Poster Abstracts

Name/Affiliation:  Rahul Patel (Stony Brook University)

Title:  Sensitive Identication of Warm Debris Disks in the Solar Neighborhood through Precise Calibration of Saturated WISE Photometry

Abstract:
The WISE All-Sky Survey Catalog presents an opportunity to expand the number of detections of warm (>100K) circumstellar dust in asteroid belt-analog regions. Not only would this increase in detections be useful to statistically constrain the occurrence rate of such dusty systems but imaging campaigns can use any targets in the solar neighborhood (<75 pc) as optimal targets to spatially characterize the morphology of the dust population. However, WISE bands saturate at relatively bright magnitudes, effectively removing bright stars from WISE excess searches. In this study we identify 220 Hipparcos stars within 75 pc with mid-infrared excesses arising from warm optically thin circumstellar dust at the W3 (12 um) and W4 (22 um) bands. For the first time, we are able to detect small excesses even around bright solar neighborhood stars by deriving and applying corrections to the fluxes of saturated stars in WISE. For optimal sensitivity, we use the stars’ contemporaneously measured shorter-wavelength fluxes at W1 (3.4 um) and W2 (4.6 um) to identify excesses at W3 and W4. These systematic corrections, together with careful inspection of other possible sources of contamination (e.g., interstellar cirrus, unresolved companions, scattered moonlight), enable us to increase by 45% the number of stars with warm dusty excesses within 75 pc of the Sun, even in the light of several recent studies on WISE. Our findings include five new stars with tenuous but significant W3 excesses, adding new members to the small population of known exozodi within 75 pc.

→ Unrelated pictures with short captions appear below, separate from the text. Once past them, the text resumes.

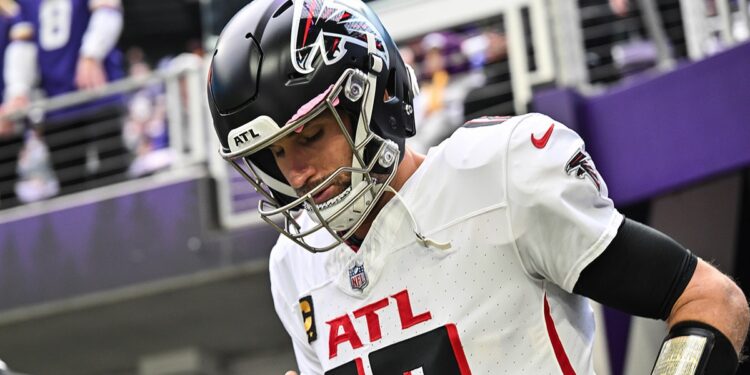 Kirk Cousins looks on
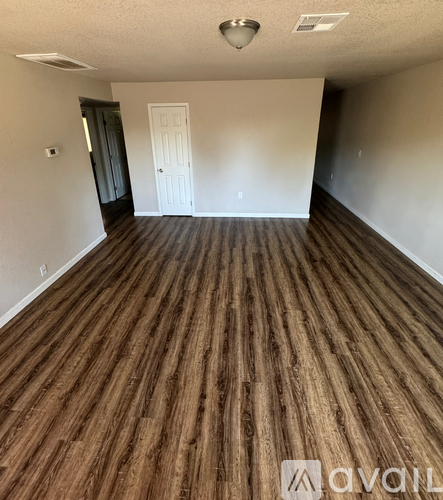 582 Angelus St 2 Beds Apartment for Rent - Photo gallery 1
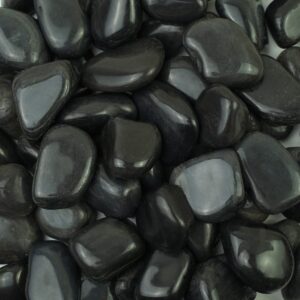 shizwu 1-2inch natural polished black river rocks,2lb black polished pebbles for garden landscaping. fish tank decorative river rocks, vase filling pebbles, outdoor decorative river rocks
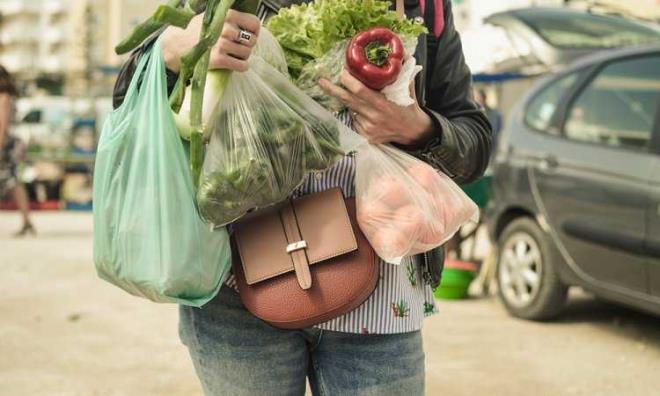 Bu, makul bedelle olabilir. 'Poet byk' diye fahi bedeller talep edilebiliyor ve faturaya, fie yanstlmayabiliyor. Tketicilerimiz bu konuda dikkatli olsunlar." dedi.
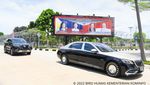 Potret Johnny G Plate Naik Maybach Rp 6 Miliar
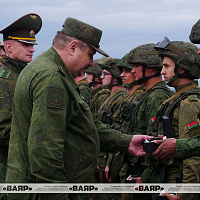 Награждение участников совместного стратегического учения «Запад-2025»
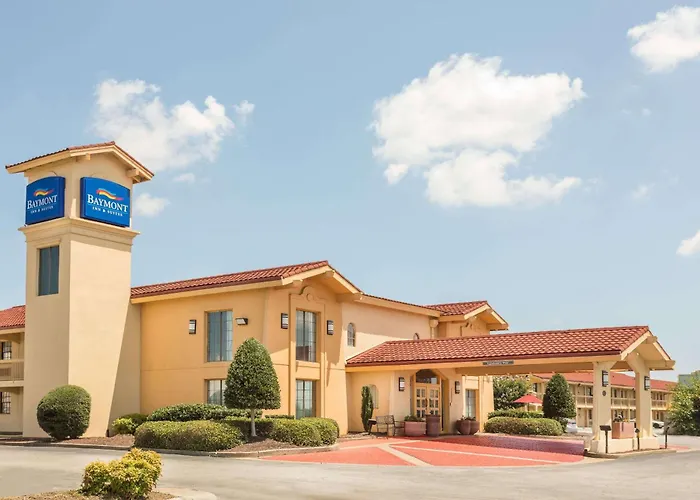 Hotels with a view Baymont By Wyndham Greenville Woodruff Rd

Altogether, we have expanded the number of known debris disks (with excess at any wavelength) within 75 pc of the Sun by 29%. As a result of our WISE study, the number of debris disks with known 10–30um excesses within 75 pc (379) has now surpassed the number of disks with known >30um excesses (289, with 171 in common), even if the latter have been found to have a higher occurrence.